* Data in this exercise
:::::
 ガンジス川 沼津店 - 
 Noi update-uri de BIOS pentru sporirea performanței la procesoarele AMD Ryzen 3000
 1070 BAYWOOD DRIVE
:::::
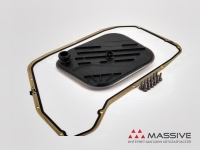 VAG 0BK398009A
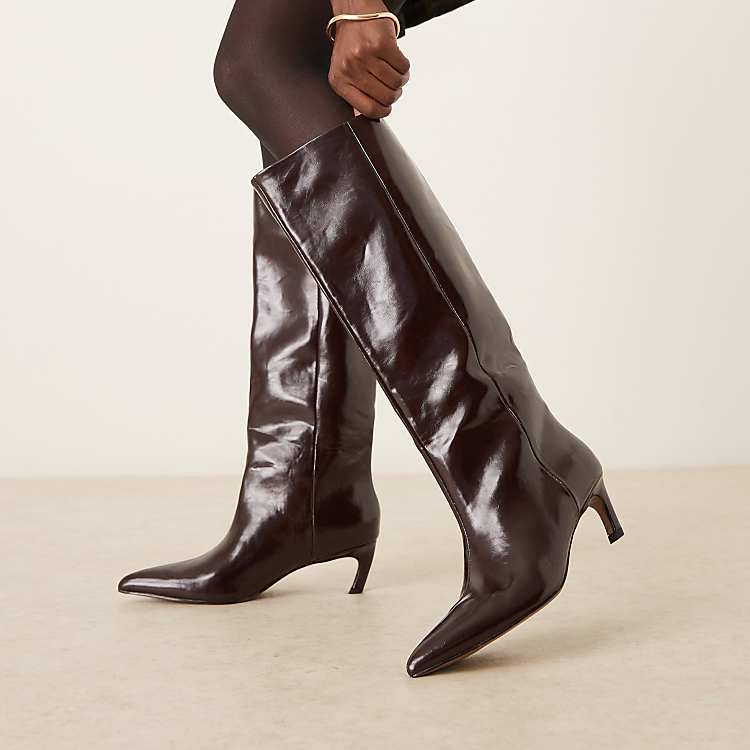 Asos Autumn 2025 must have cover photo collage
:::::
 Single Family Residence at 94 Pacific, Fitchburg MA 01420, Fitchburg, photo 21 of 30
:::::
The entries above hold the needed span. Transcribe exactly the lines from the one with "Noi update-uri de" to the one with "1070 BAYWOOD DRIVE", both included.

* Reply to the exercise
 Noi update-uri de BIOS pentru sporirea performanței la procesoarele AMD Ryzen 3000
 1070 BAYWOOD DRIVE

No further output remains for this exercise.